I missed a change in the beta: the JP Wallet blurb has been updated slightly too. The Suica mention has been replaced with a generic ‘Transit IC card’. This change is very interesting in light of the recent Mobile PASMO Android release. It could be a sign that Mobile PASMO will be coming to Apple Pay before iOS 14….whenever that is.
Update: some readers have questioned whether this is just a change to bring different region Wallet blurbs in line with each other. Apple Pay Wallet for Hong Kong, for example, added ‘Travel Cards” in iOS 13.0 even though Apple Pay Octopus has yet to appear. But region differences are still there: transit IC cards, travel cards, transit cards. Suica has massive brand recognition in Japan. Apple has leveraged the Suica brand at every opportunity and would not swap it for generic wording lightly, not without a very good reason: more transit IC cards. There is also timing. Mobile PASMO started service March 18, just as iOS 13.4 GM was going out to developers. If it was just a text change, Apple would have done this earlier with the iOS 13.0 debut.
What is Mobile PASMO? Mobile PASMO is an app service, identical to Mobile Suica, for Android v6 Osaifu Keitai devices or later. Users can recharge a virtual PASMO card on the device with a registered credit card, purchase or renew commute plans, view use history, restore the PASMO card from the cloud in case of a lost device, PASMO bus transit users can also earn ‘Bus Toku’ points. Mobile PASMO launched March 18. Details are listed on the Mobile PASMO site (Japanese only).
Is it compatible with Google Pay? (Updated) Not at this time.
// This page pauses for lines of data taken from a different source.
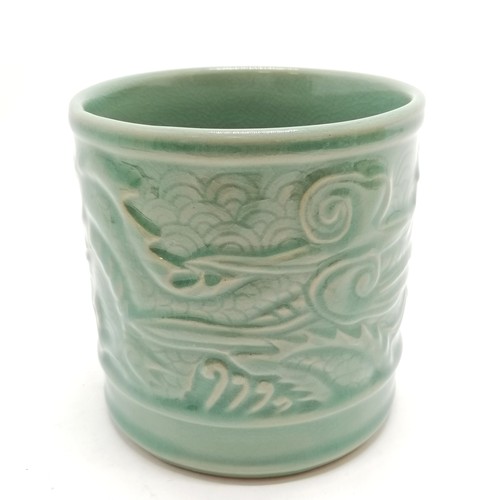 36 - Oriental crackle green glaze cylindrical pot with dragon detail - 11.5cm diameter x 11.5cm high with... 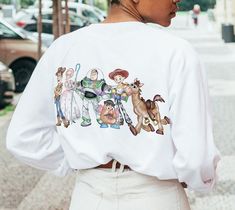 a woman with her back to the camera, wearing a white sweatshirt that has cartoon characters on it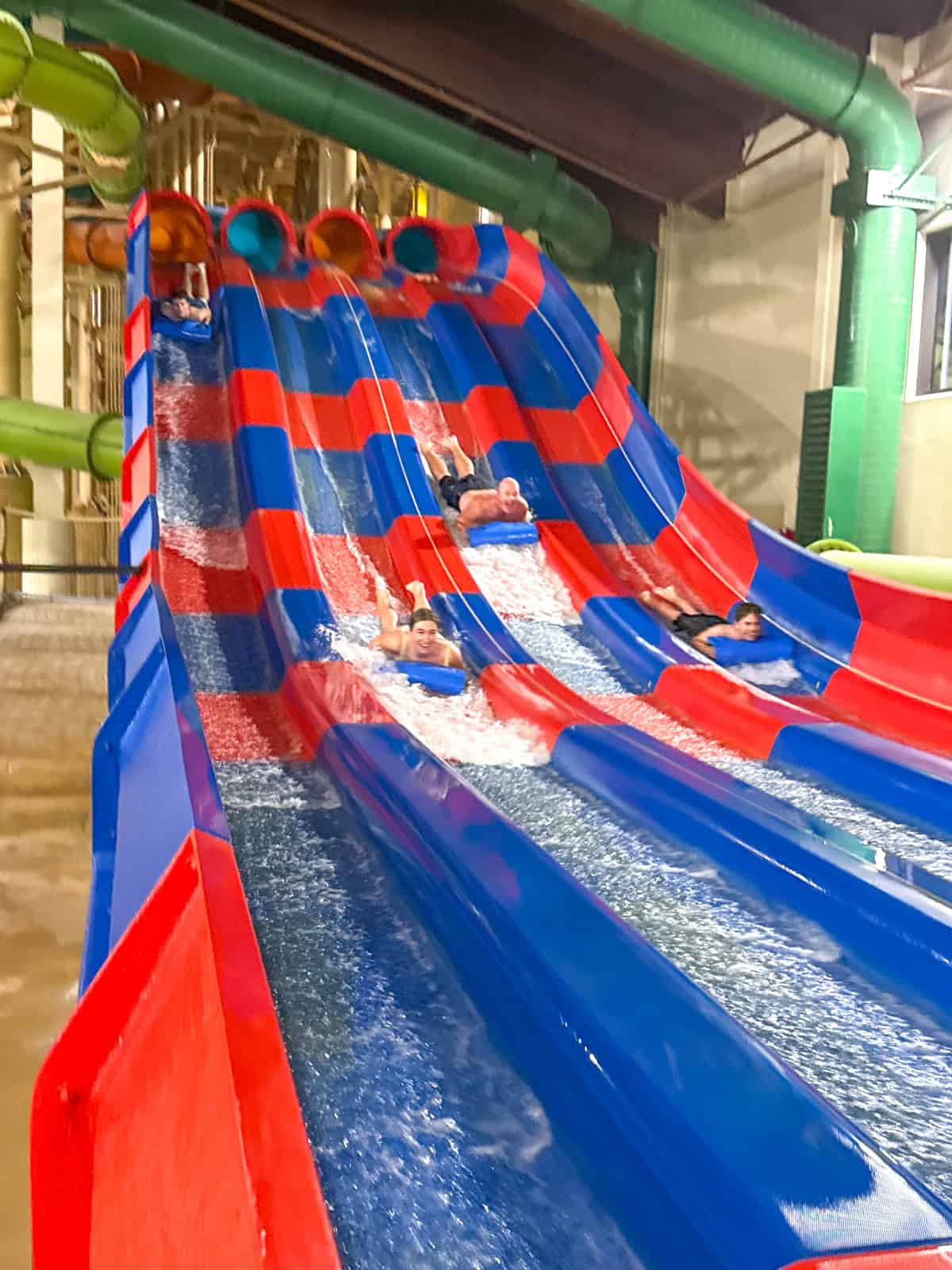 Teens race down parallel red and blue water slides inside an indoor water park, splashing water as they slide on their backs, with green pipes and a high ceiling in the background.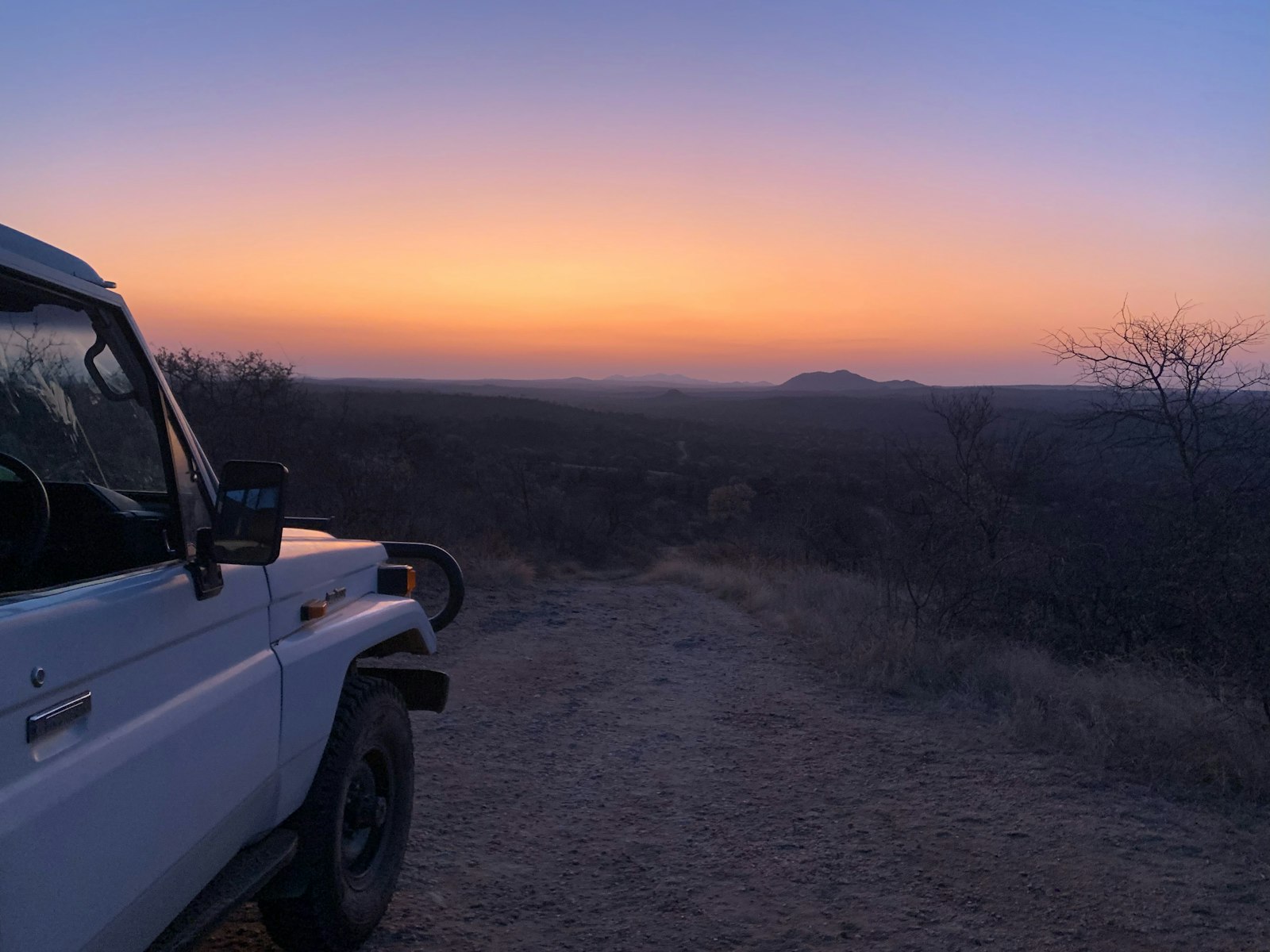 A 4x4 parked on a dirt road in Namibia with open landscape around it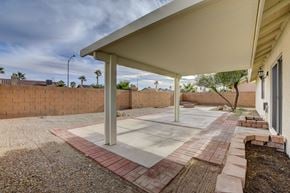 Henderson apartment for rent - A patio with a white roof and red brick border.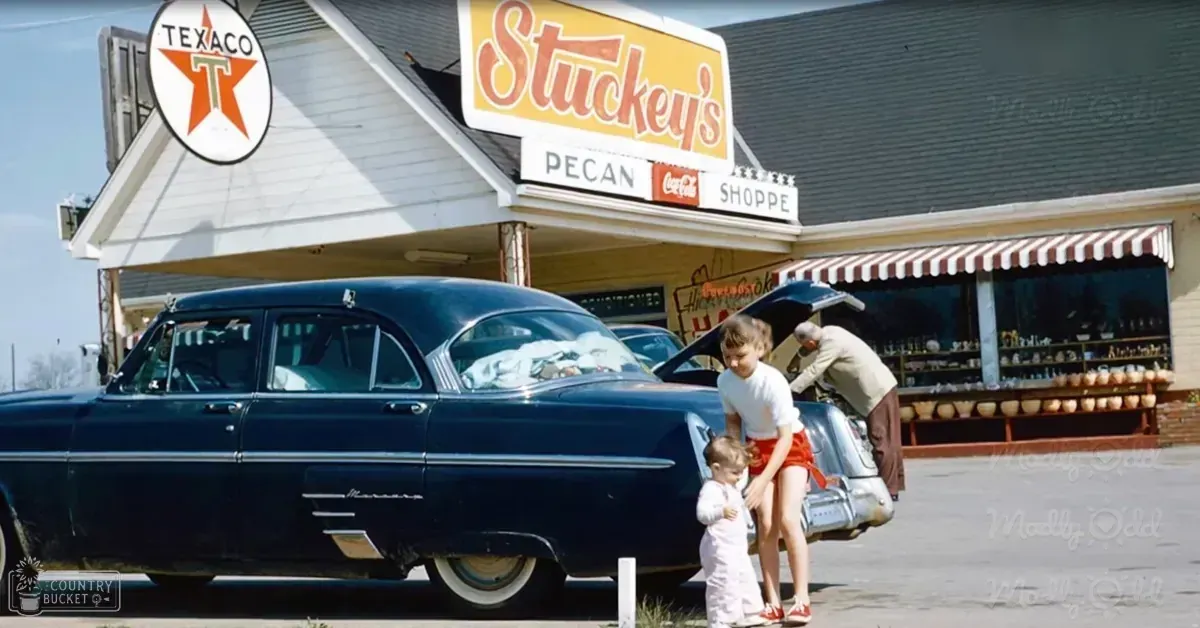 A family with an infant and toddler at Stuckey's Pecan Shoppe, a roadside stop in Texas.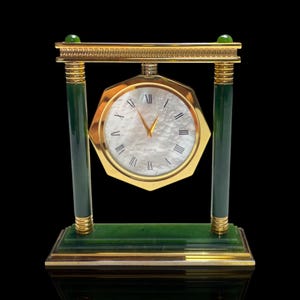 A large Art Deco style mother of pearl, jade and gold plate desk clock. Quartz movement. Good working order.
Users need to be careful: active Google Pay can block Mobile PASMO transactions. Bank cards are limited to Mobile PASMO app registered credit cards: American Express, JCB, Mastercard, Visa. Credit card registration is processed by PASMO and seems to be the weakest part of the system where users are experiencing the most trouble (the rest of the system appears to be licensed Mobile Suica IT assets). Only Japanese issue cards are accepted.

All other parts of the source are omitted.